An ihm entlang geht es nochmal ein Stück höher. Der Weg ist sehr gut angelegt, ab und zu gibt es matschige oder verschneite Stellen.

Nach einer halben Stunde erreichen wir einen Wasserfall. Uns zieht es noch höher hinauf.

Wir hatten diesen Winter ja noch nicht so viel Schnee.

Auf 2200 Metern liegt der nächste Stausee. Er ist kleiner aber nicht mehr zugefroren.

Runterwärts ist es etwas rutschig, aber ich habe eine stützende Hand an meiner Seite.

Der Jeep bringt uns wieder zurück, nach einem Kaffee im Dorf steigen wir um in unseren Bus und fahren Richtung Vielha. Dass wir dort nur über einen 2070 Meter hohen Pass hinkommen, hatten wir nicht auf dem Schirm.

Oben scheint die Sonne, es ist 16 Grad warm und wir beschließen, für den Abend und die Nacht hierzubleiben. Morgen früh, wenn ich wach werde, und mich frage, wo und wie wir stehen, werde ich mich wundern.

22 Tunnel

La Fontcalda (hot spring) las ich gestern auf Google Maps. Alle Bilder von den Hot Pots, den heißen Quellen, in denen ich auf Island saß, poppten vor meinem geistigen Auge auf. Da will ich hin! Freudig packe ich meine Badesachen in die Fahrradtasche.

Denn um das Ganze noch zu toppen, kann man nach Fontcalda auf einer Via verda, einer ehemaligen Bahntrasse, radeln.

Auf der 23 Kilometer langen Strecke verband der Zug in einem Seitental des Ebro fünf Ortschaften miteinander. Das ist eine Beschönigung, denn um vom Dorf zum Bahnhof zu kommen, musste man vier, fünf Kilometer laufen.

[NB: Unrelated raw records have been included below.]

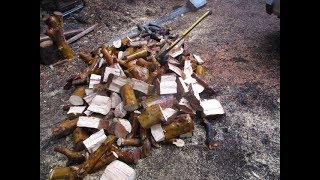 Pacific Madrona trees provide Best firewood [upl. by Eenolem]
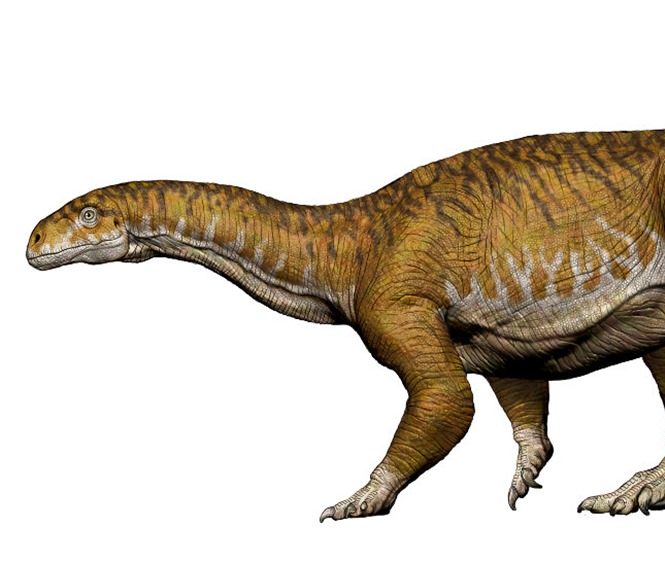 La découverte de ce grand dinosaure fait reculer l’apparition du gigantisme chez ces derniers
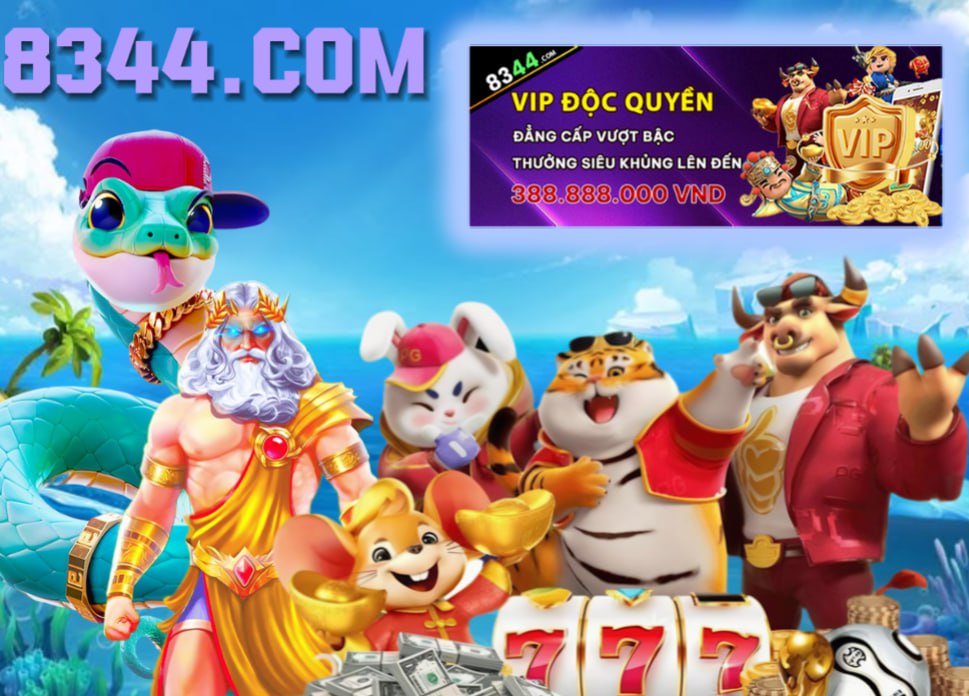 Hình ảnh quảng cáo của net13 hiển thị nền tảng và các lợi ích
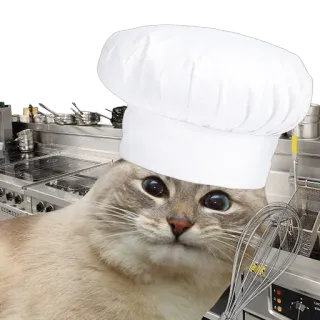 🍳 cat, chef, cooking, kitchen, hat, whisk, animal telegram sticker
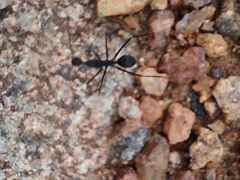 Camponotus angusticollis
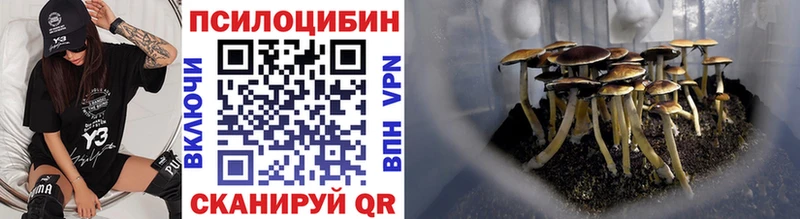 Купить где  Новая Ляля  Галлюциногенные грибы мицелий 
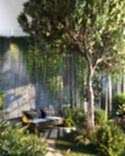 Bright winter garden on the first floor is located in a special glassed cube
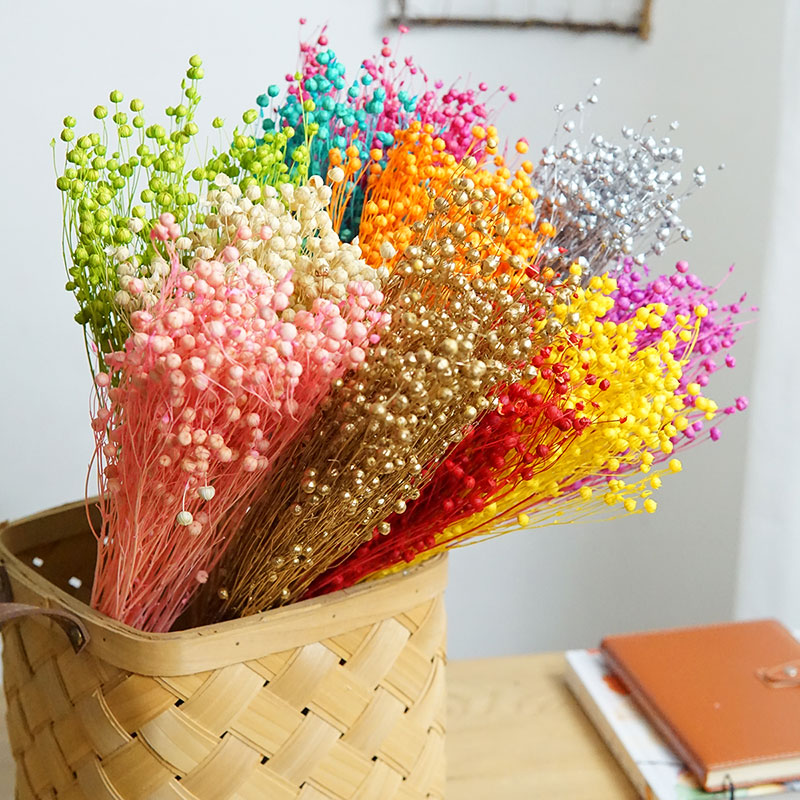 35g/Preserved Ormosia Hosiei N - Dried Flower Bulk のレビューと価格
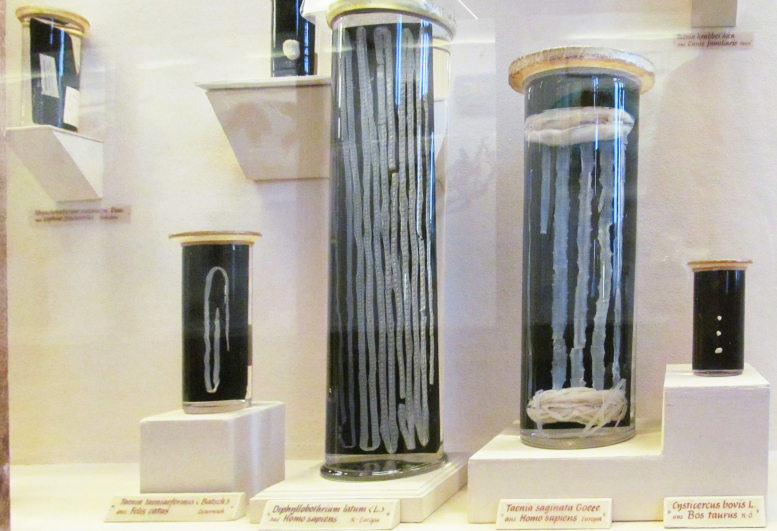 Foto: Konservierte Bandwürmer in hohen Glasbehältern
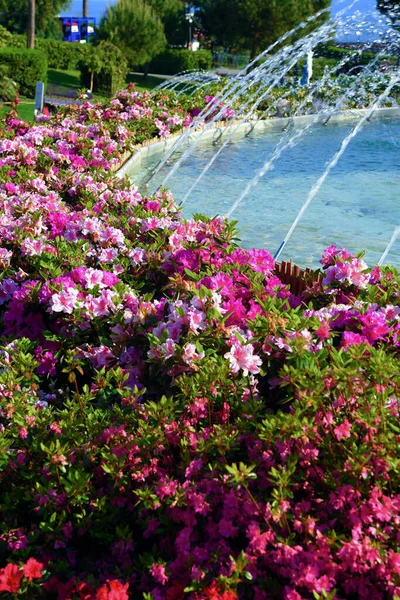 Euroflora Est Une Exposition Fleur Plante Ornementale Est Une Des — Photo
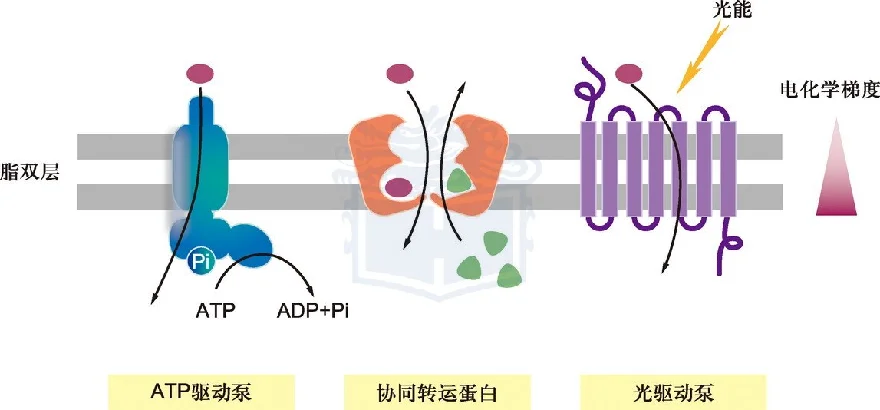 协同转运常见图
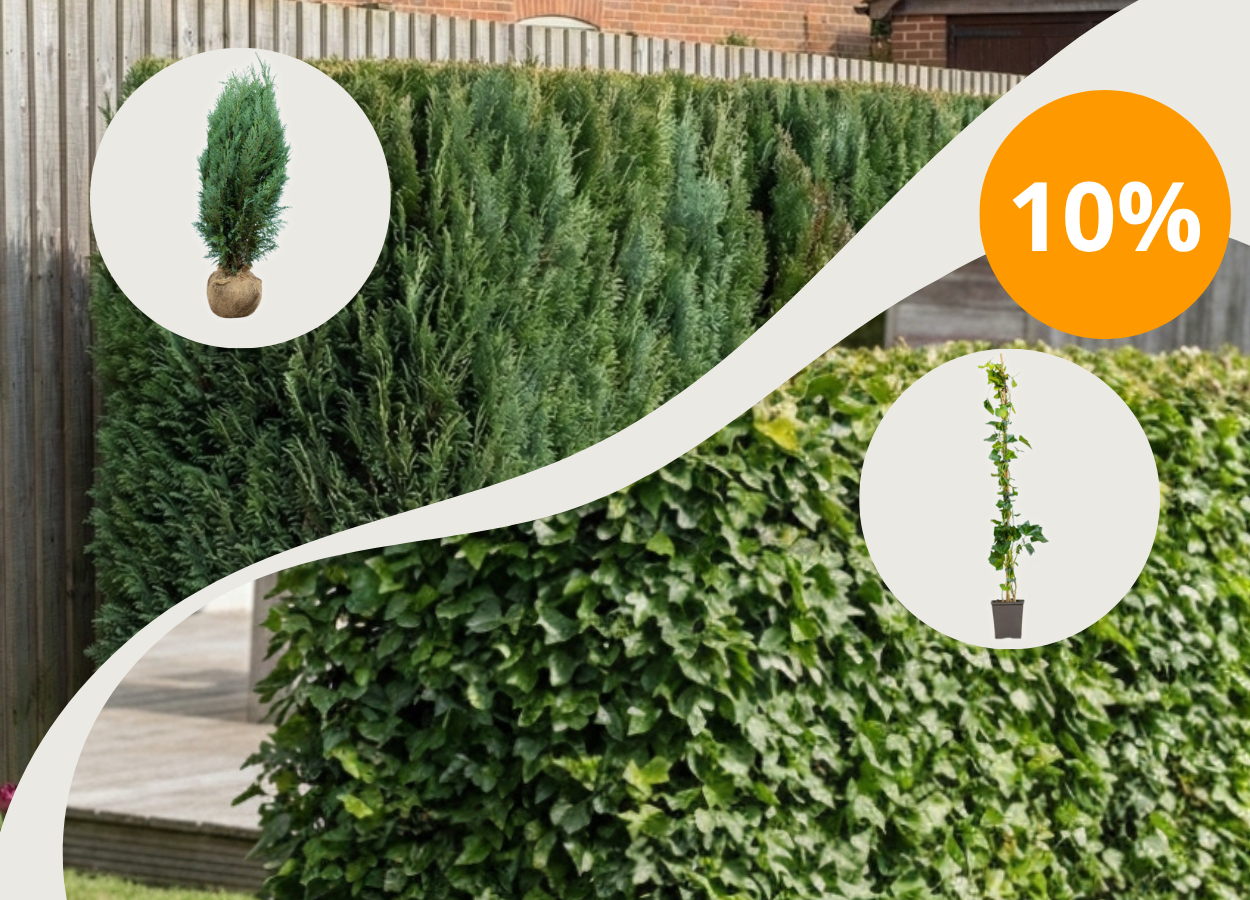 10% rabat med code HÆKPLANTER10 på<br> Hedera Hibernica +<br> Taxus Fastigiata Robusta
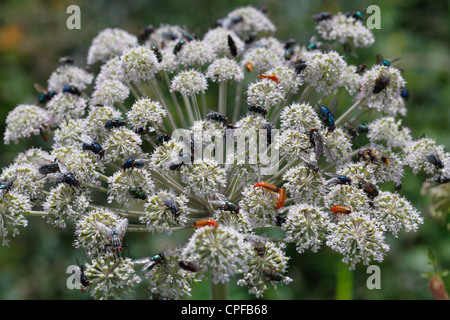 Insekten - vor allem fliegen (Diptera) und Käfer (Cantharis Rustica) Fütterung auf Blumen von Wild Angelica (Angelica Sylvestris). Stockfoto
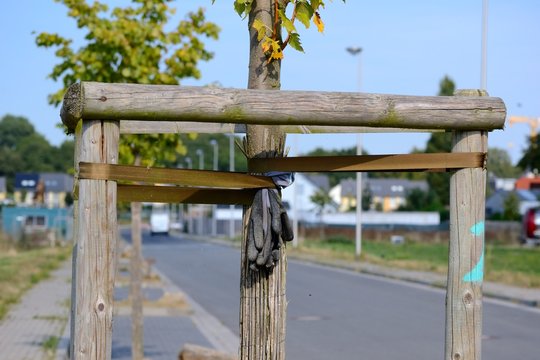 Baumbindung bei Stra&radic;&uuml;enb&radic;&sect;umen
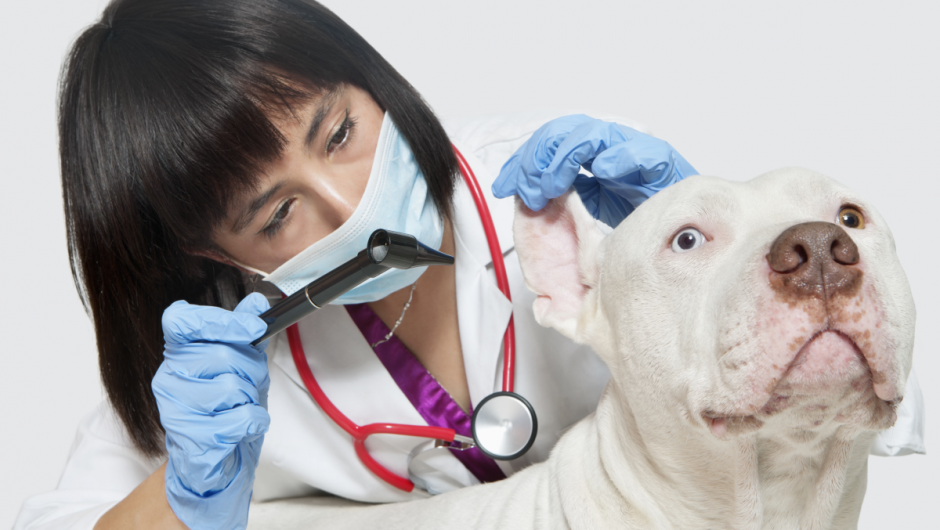 Oportunitățile pandemiei: telemedicina veterinară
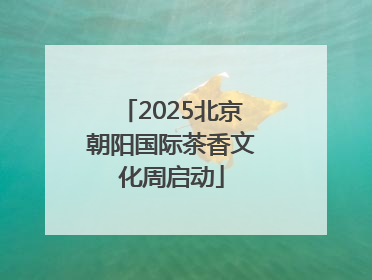 2025北京朝阳国际茶香文化周启动
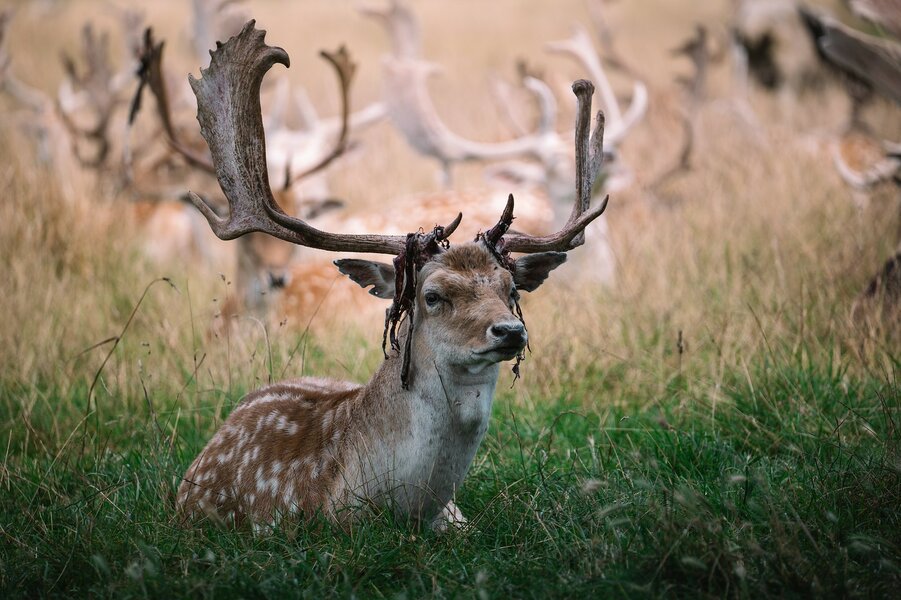 53128392525_a04a085a06_h.jpg 53128392525_a04a085a06_h.jpg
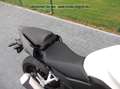 Honda CB 500 Hornet ABS  NEU! Fehér - thumbnail 7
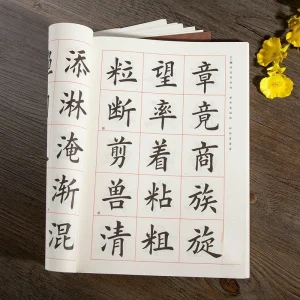 Pinceau de calligraphie à encre chinoise pour étudiants, cahier de style Ou, pinceau Pier régulier simple, pratique de la calligraphie Pinceau de calligraphie à encre chinoise pour étudiants, cahier de style Ou, pinceau Pier régulier simple, pratique de la calligraphie
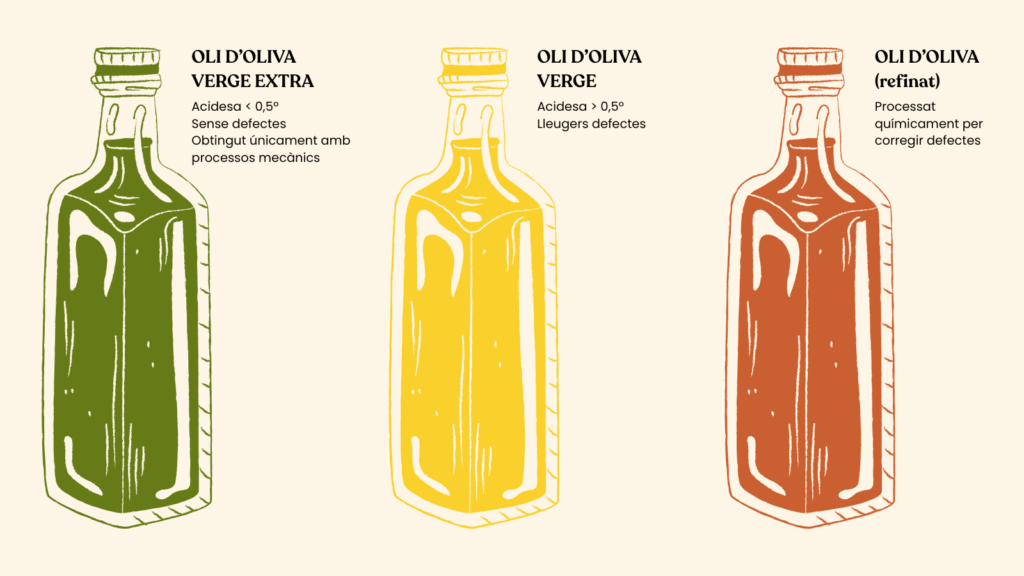 Comparativa entre oli d’oliva verge extra, oli verge i oli refinat amb punts clau de qualitat i acidesa

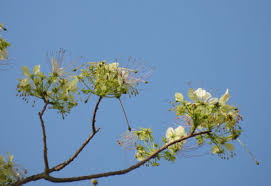 Image result for Cladostemon kirkii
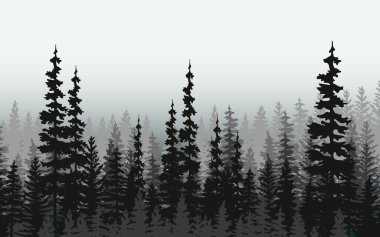 Spruce ve Pines 'in vektör silueti. Yatay ladin arka planı. Spruce ağacı.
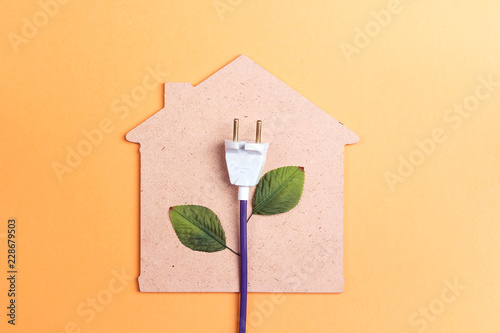 House symbol with plug like a plant. Save energy concept. Tableau sur Toile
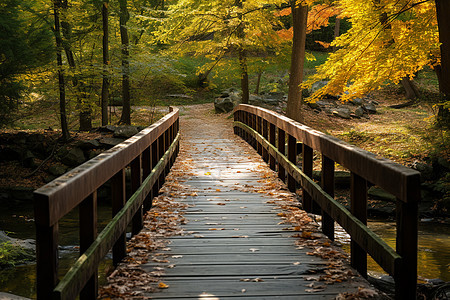 秋叶覆满木桥的美丽景观图片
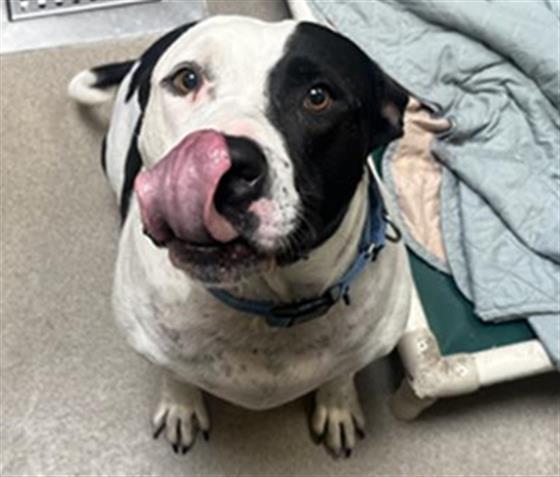 Enlarge BILL, a Adoptable mixed breed in Denver, CO image 1/1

Für die Trasse wurden Tunnel in den Fels gesprengt, auf dem Rückweg habe ich 22 gezählt – und wir sind nicht die ganze Strecke, sondern nur 15 Kilometer gefahren.

Es ist 22 Grad warm und es fühlt sich so gut an, wenn ich aus dem kalten und dunklen Tunnel wieder in die Sonne fahre. Rechts und links von mir rote Felsen, mal schroffe senkrechte Spalten, mal weiche runde Gesteinsformen.

Nach zehn Kilometern der ersehnte Wegweiser zur Fontcalda. Auf einem steilen kurzen Weg sausen wir hinunter ins Tal.

In einer Schlucht sind niedrige Becken, die Fingerprobe betrübt: das ist definitiv keine HEISSE Quelle. Okay, das Wasser ist nicht eisig, auch nicht kalt, aber eben auch nicht heiß oder zumindest lauwarm. Dafür ist mir der Aufwand, die Badesachen (möglichst diskret) anzuziehen zu hoch und ich belasse es dabei, meine Füße zu baden.

Zurück am Bus machen wir die Nudeln von gestern warm und freuen uns über diese tolle Radtour – auch ohne heiße Quelle.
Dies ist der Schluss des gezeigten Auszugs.